(Data in this exercise begins)
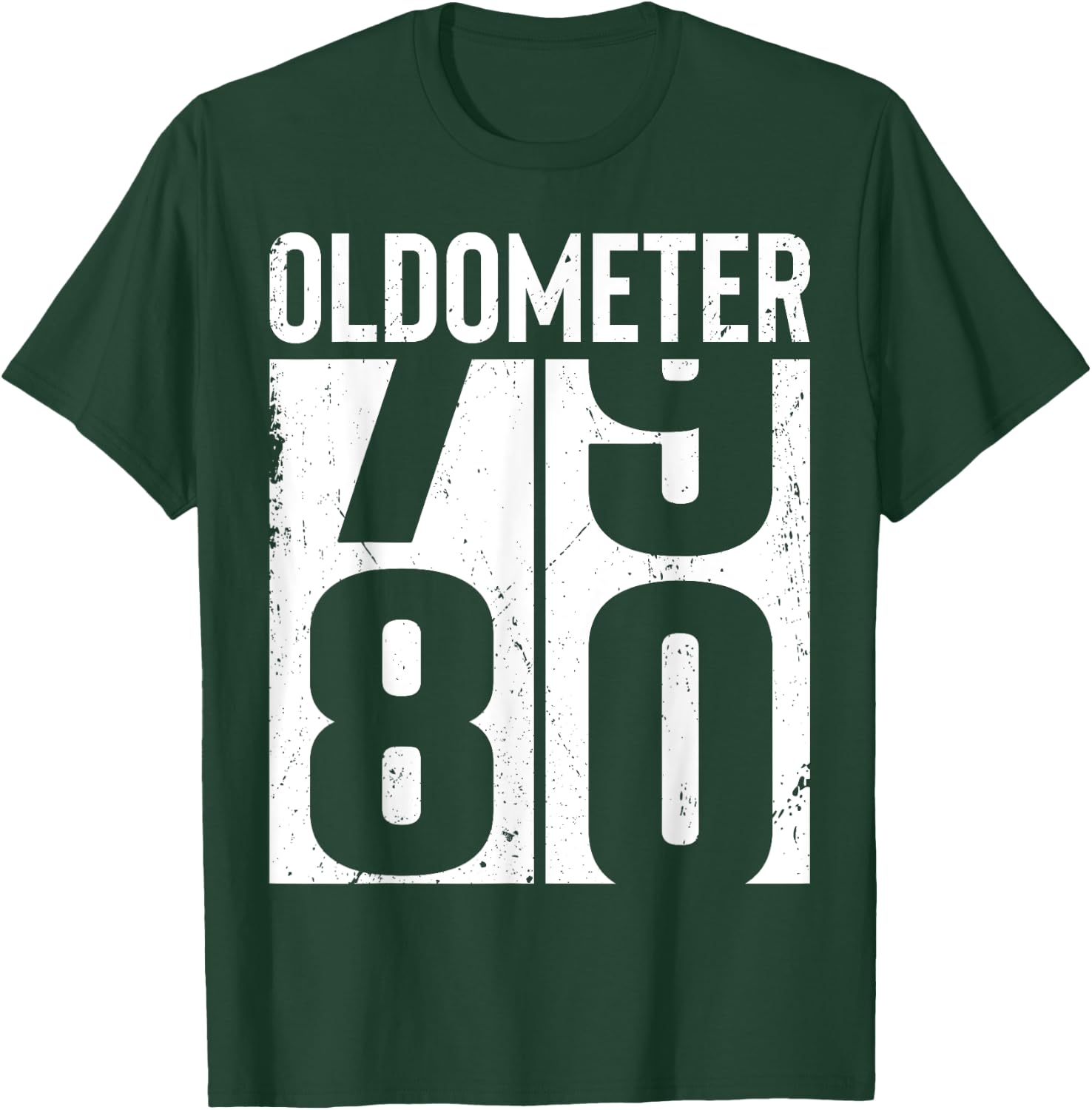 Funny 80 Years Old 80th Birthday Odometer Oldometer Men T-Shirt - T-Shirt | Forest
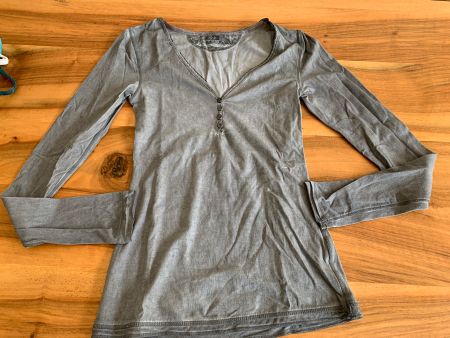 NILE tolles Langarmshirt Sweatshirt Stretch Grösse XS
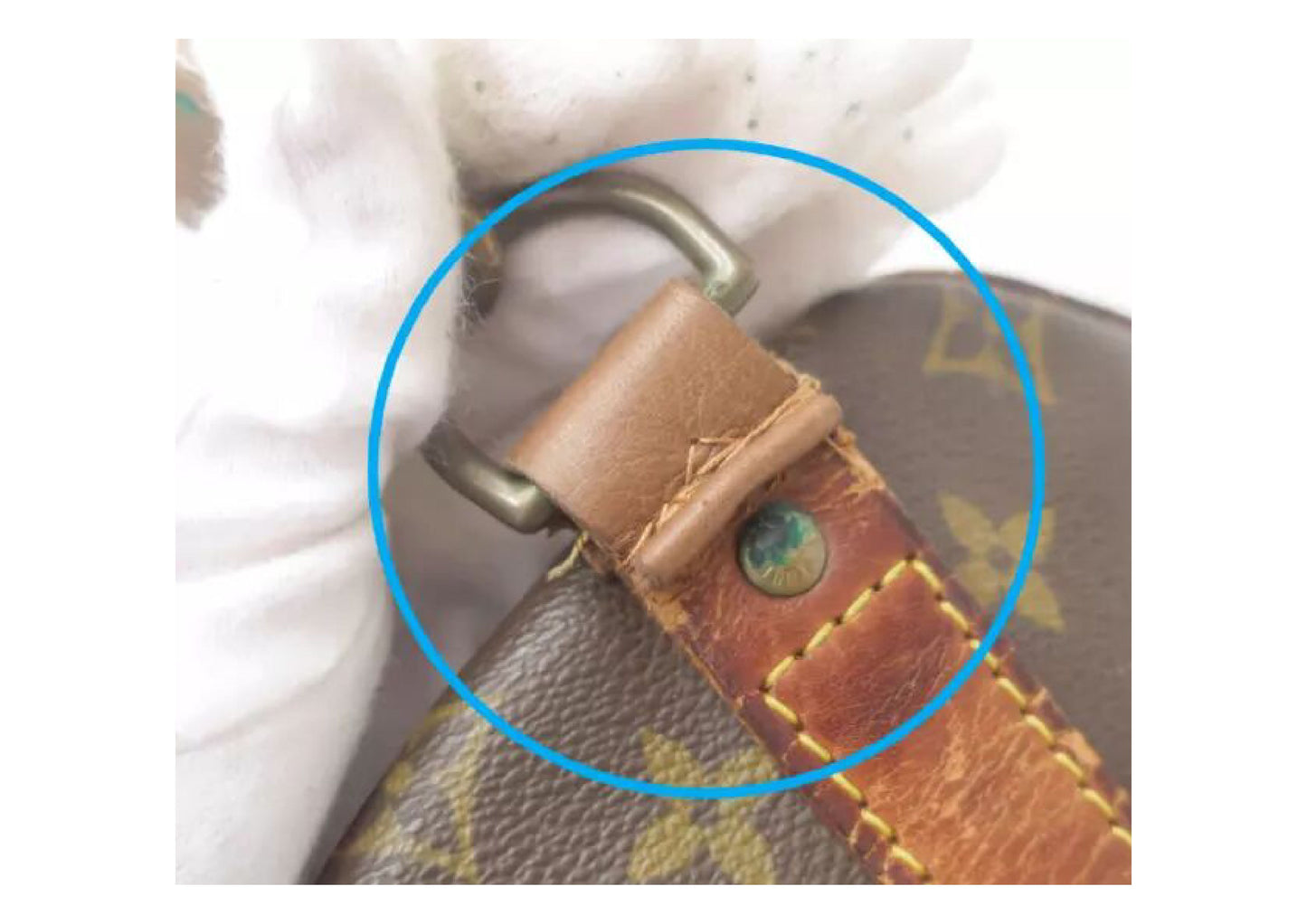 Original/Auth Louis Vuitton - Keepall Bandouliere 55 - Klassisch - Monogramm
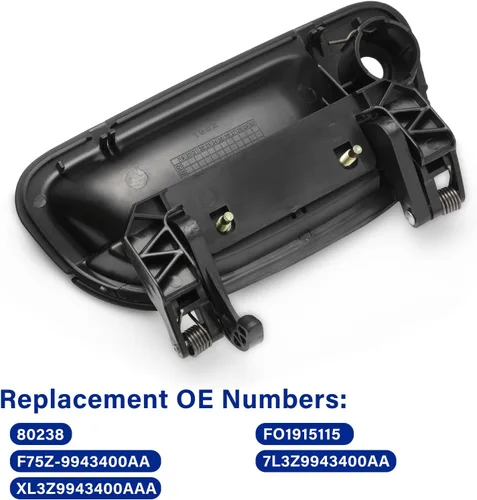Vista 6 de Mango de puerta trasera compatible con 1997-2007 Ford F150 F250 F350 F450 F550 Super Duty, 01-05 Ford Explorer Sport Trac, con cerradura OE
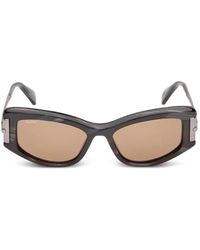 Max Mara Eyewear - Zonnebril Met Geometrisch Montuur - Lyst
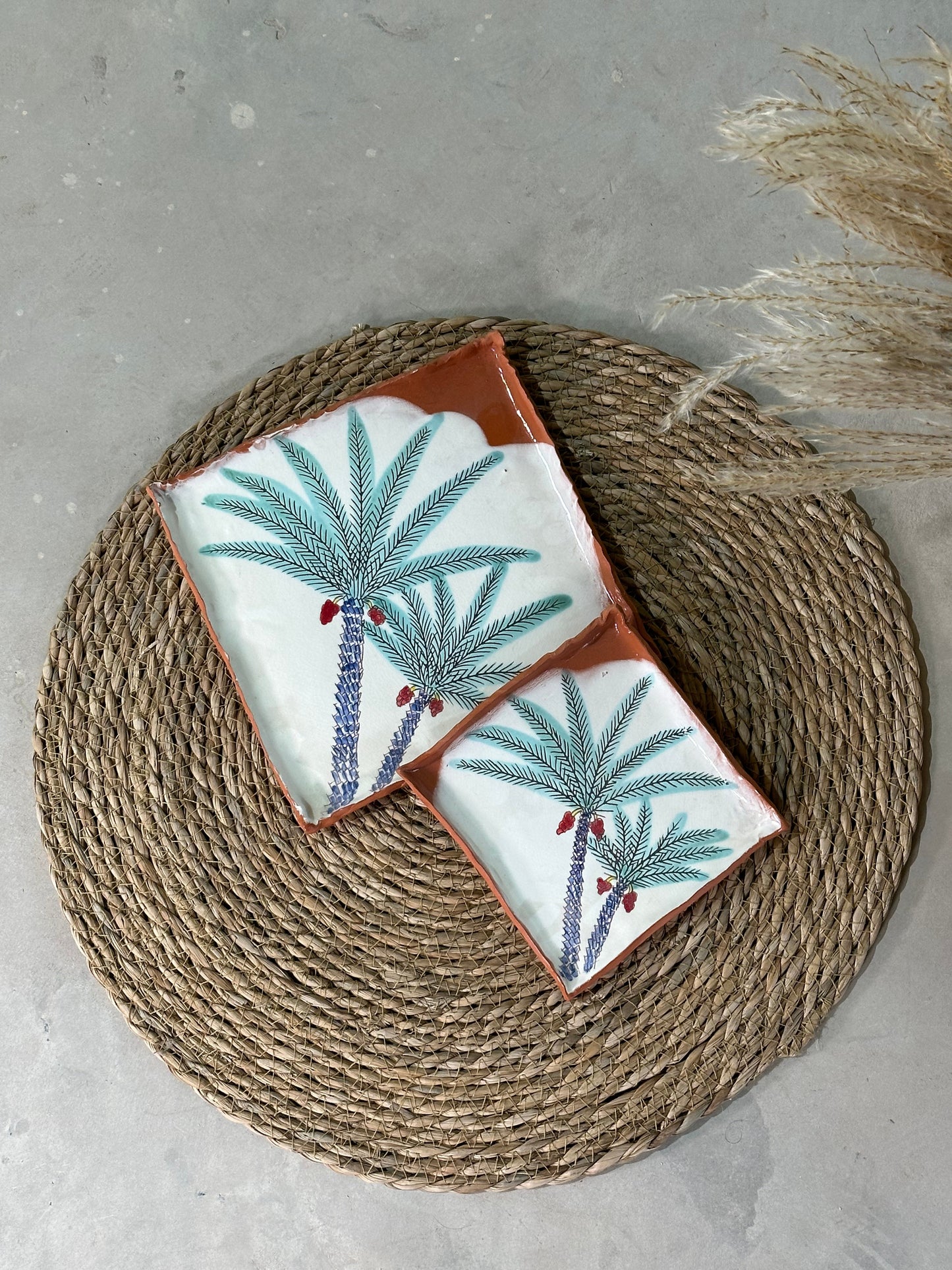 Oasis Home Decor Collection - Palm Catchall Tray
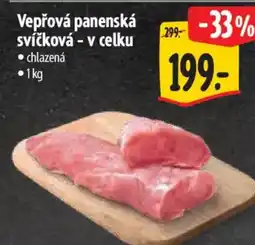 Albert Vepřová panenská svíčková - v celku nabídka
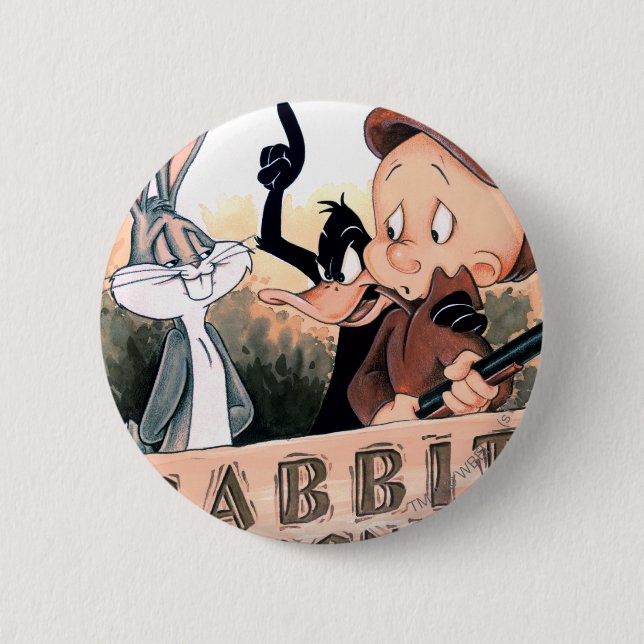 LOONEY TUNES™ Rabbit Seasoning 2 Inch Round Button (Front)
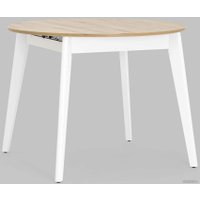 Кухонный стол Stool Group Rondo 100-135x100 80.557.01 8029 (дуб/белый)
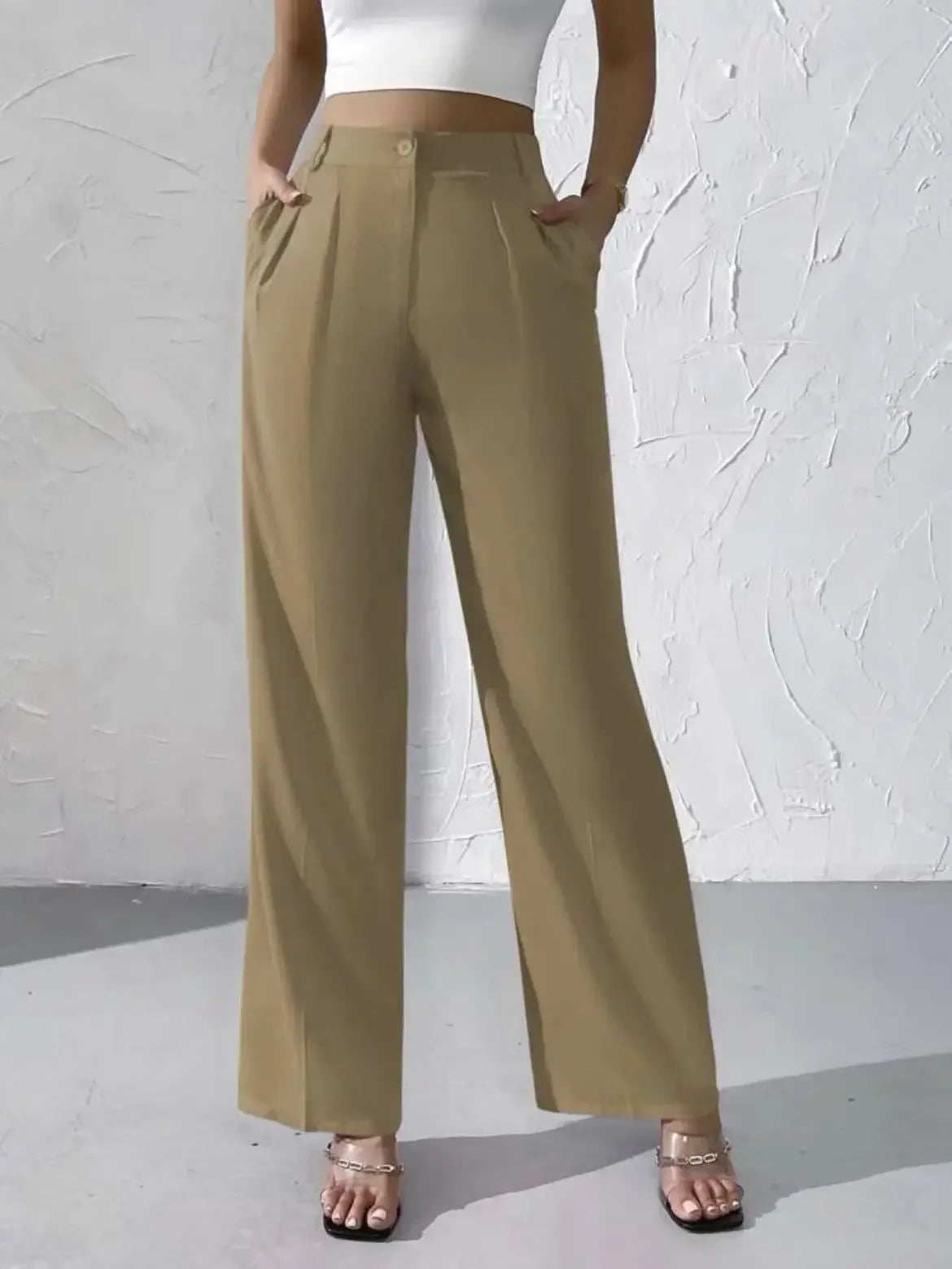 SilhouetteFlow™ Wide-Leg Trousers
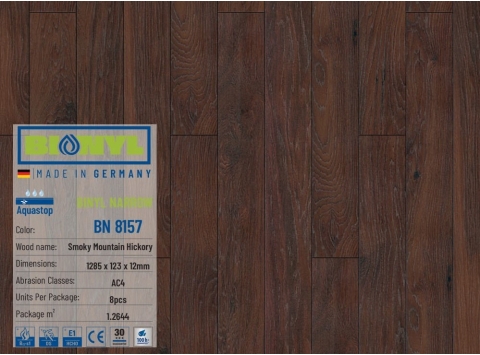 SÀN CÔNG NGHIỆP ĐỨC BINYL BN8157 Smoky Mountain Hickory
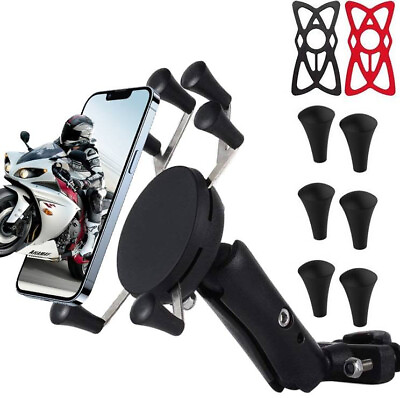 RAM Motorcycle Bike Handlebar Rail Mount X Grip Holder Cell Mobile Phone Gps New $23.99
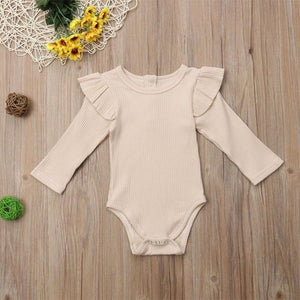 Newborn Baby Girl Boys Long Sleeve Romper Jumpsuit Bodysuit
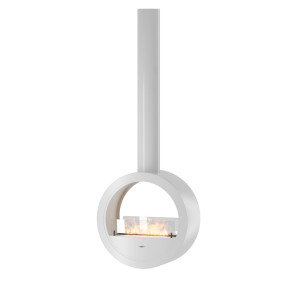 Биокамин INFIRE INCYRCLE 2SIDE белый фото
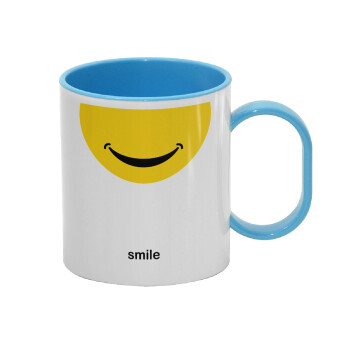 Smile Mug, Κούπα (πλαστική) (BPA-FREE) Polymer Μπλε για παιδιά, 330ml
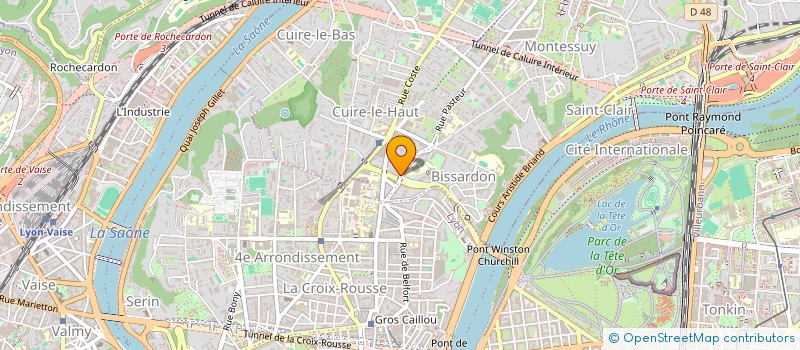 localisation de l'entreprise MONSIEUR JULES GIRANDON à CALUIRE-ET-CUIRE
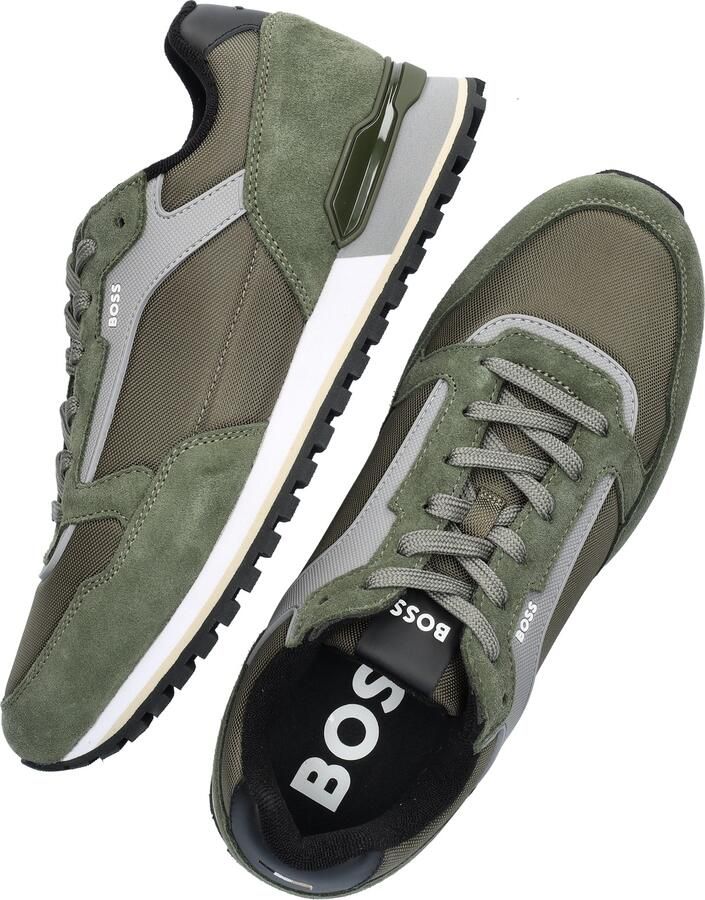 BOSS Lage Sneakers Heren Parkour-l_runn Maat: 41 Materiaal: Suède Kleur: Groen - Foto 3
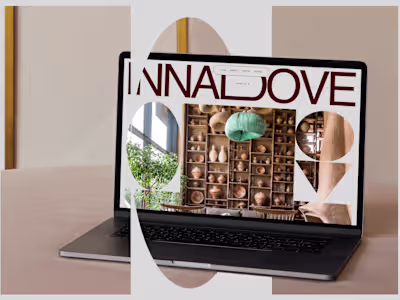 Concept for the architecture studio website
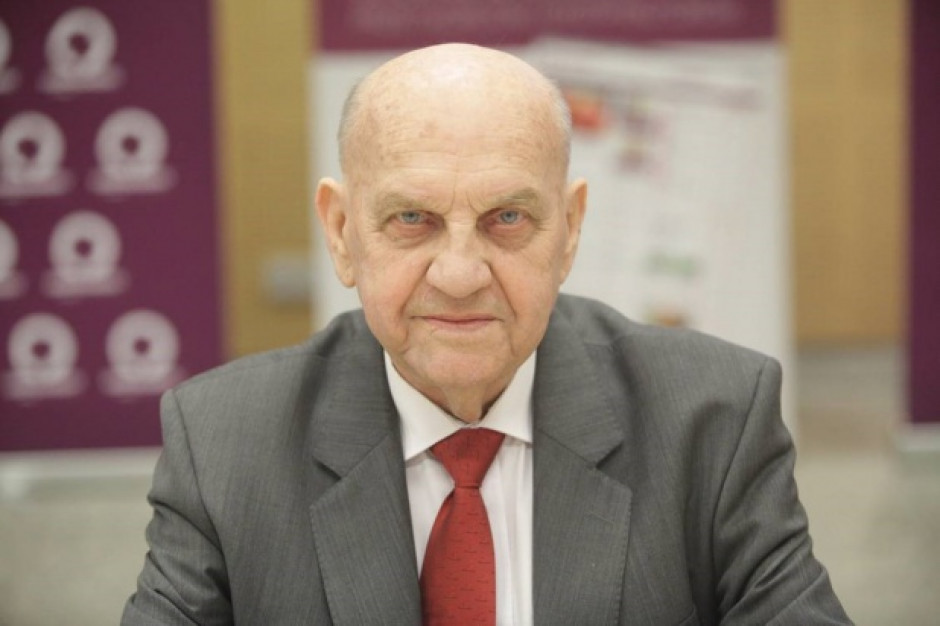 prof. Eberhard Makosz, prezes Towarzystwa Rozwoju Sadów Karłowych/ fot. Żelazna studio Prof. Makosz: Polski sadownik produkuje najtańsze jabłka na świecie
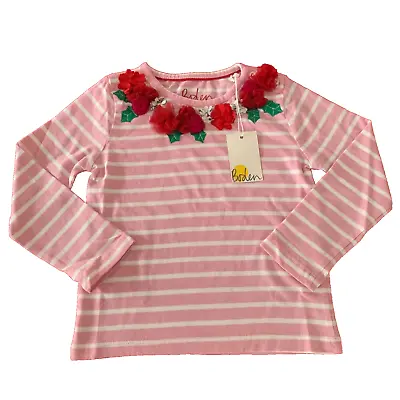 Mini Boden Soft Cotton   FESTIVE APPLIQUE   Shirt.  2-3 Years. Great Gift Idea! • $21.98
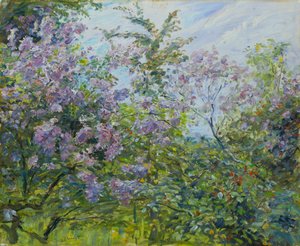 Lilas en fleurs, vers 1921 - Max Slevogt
(Data in this exercise ends)
Task objective — From the line containing "Биокамин INFIRE INCYRCLE 2SIDE белый фото" to the last line of the material, every line is to be reproduced exactly. No picture belongs in the copy.

Solution for this problem —
 Биокамин INFIRE INCYRCLE 2SIDE белый фото
 Smile Mug, Κούπα (πλαστική) (BPA-FREE) Polymer Μπλε για παιδιά, 330ml
 localisation de l'entreprise MONSIEUR JULES GIRANDON à CALUIRE-ET-CUIRE
 BOSS Lage Sneakers Heren Parkour-l_runn Maat: 41 Materiaal: Suède Kleur: Groen - Foto 3
 Concept for the architecture studio website
 prof. Eberhard Makosz, prezes Towarzystwa Rozwoju Sadów Karłowych/ fot. Żelazna studio Prof. Makosz: Polski sadownik produkuje najtańsze jabłka na świecie
 Mini Boden Soft Cotton   FESTIVE APPLIQUE   Shirt.  2-3 Years. Great Gift Idea! • $21.98
 Lilas en fleurs, vers 1921 - Max Slevogt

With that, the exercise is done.